За ней начинались густые хлеба, полные стеклянного шороха колосьев. Пшеница катила навстречу волну за волной, захлестывала узкую тропку, и казалось, конь уже плывет по грудь в этой атласной гущине.

«Экая силища!» — думал Гордей, и глаза его теплели от сверкающей голубизны неба, от струящегося над полями марева, цвенькали какие-то острокрылые синие пичуги, сухим дождем сыпались на пыльные лопухи кузнечики, неутомимо распиливали воздух. Густой сиренью наливался горизонт, и оттуда, как большие парусные корабли под ветром, неслись облака, чтобы бросить якоря в тихом, затянутом ясным штилем распадке.

Уже приближался знакомый, будоражащий гул трактора, тянущего на прицепе сквозь нескончаемый, позолоченный солнцем разлив хлебов два комбайна; трещали лобогрейки; всхрапывали лошади; зычно покрикивали машинисты. Поле пестрело женскими косынками, защитными гимнастерками, бронзовыми спинами подростков.

Гордей несколько минут с высоты седла глядел на мельтешившее красками страдное поле.

Его заметили, замахали руками, и он, ласково потрепав по шее коня, поехал краем полосы, то и долю останавливаясь, здороваясь с лобогрейщиками, вязальщицами, косарями.

Вытерев потные лица и улыбаясь, они протягивали загорелые руки, и Гордей, отвечая на крепкие рукопожатия, загадочно подмигивал.

— К вечеру на стану будьте, дело есть, — и бережно касался ладонью кожаной сумки.

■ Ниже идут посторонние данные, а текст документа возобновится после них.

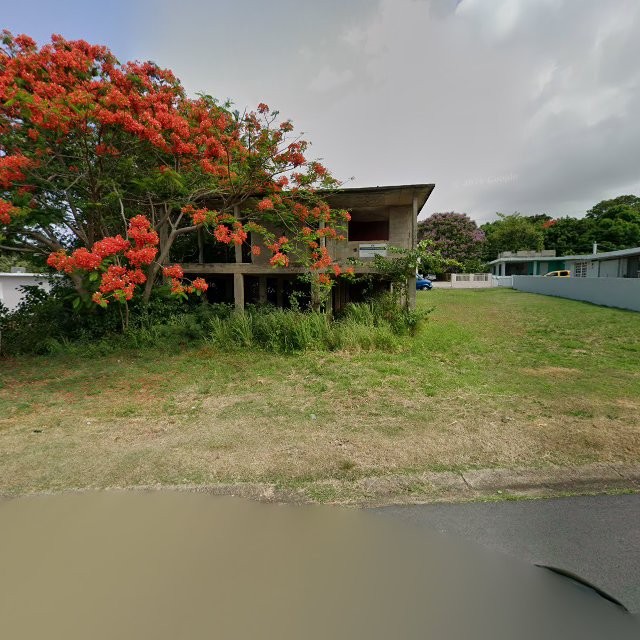 Propiedad declarada estorbo público en 8924+J4G Luis M. Cintrón, Fajardo, Puerto Rico 00738, Fajardo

И там, где он появлялся, казалось, сильнее стрекотали жнейки, точно маленькие буксиры, яростно работая колесами, пробиваясь через неутихающий золотой шторм, проворнее погоняли лошадей подростки, отвозившие снопы к скирдам, быстрее мелькали руки вязальщиц. И не успеешь оглянуться, как уже вырастают на светлой стерне пушистые папахи суслонов.

Лишь иная молодайка оторвется на миг, распрямит спину и грустным любовным взглядом проводит верхового: вот так бы и ее ненаглядный ладной солдатской выправки мужик мог проехать мимо и поймать ее истомленный зноем взгляд, мог бы проехать, если бы не остался лежать где-то в чужой земле… Вздохнет солдатка, сожмет покривившиеся губы, качнется к колосьям, и снова жаркая кровь прихлынет к ее лицу…

А Гордей ехал дальше и радовался. Все сегодня виделось как-то иначе. Не письмо ли было тому причиной?

У другой полосы он увидел неторопливо, но ровно шагавших с крюками косарей. Они двигались навстречу лобогрейкам, беспоясые, темные от загара, с непокрытыми головами.

Ветер надувал пузырем рубаху у гибкого, плечистого Матвея Русанова, шевелил серебристую бороду Терентия Васильцова — крепкая наша сибирская порода! — задирал и без того ершистые волосы Вани Яркина.

Шеренга косарей покачивалась зеленоватым плетнем — такое было засилье в ней фронтовых гимнастерок, — и, хотя косарей разделяли порядочные прогоны, издали казалось, что они почти касаются друг друга плечами.

«Ах, дьяволы, как браво идут! Ровно на параде выступают!» — подумал Гордей и, подъехав сзади, гаркнул на все поле:

— Здорово, мо-лод-цы!

Ему ответили разноголосо, невпопад:

— Здравствуйте, товарищ гвардии старшина!..

— Ну, то-то!

Все, как один, они обернулись к нему. Мерно поднимались от глубокого дыхания их груди, блестели обветренные лица и разморенные зноем глаза.

— Аж завидки берут, красиво робите! — слезая с коня, сказал Гордей.

Косари окружили его. Он вынул кисет, к которому сразу потянулись десятки рук, чуть дрожащих от напряжения. Запахло терпким дымком, крепким мужским потом.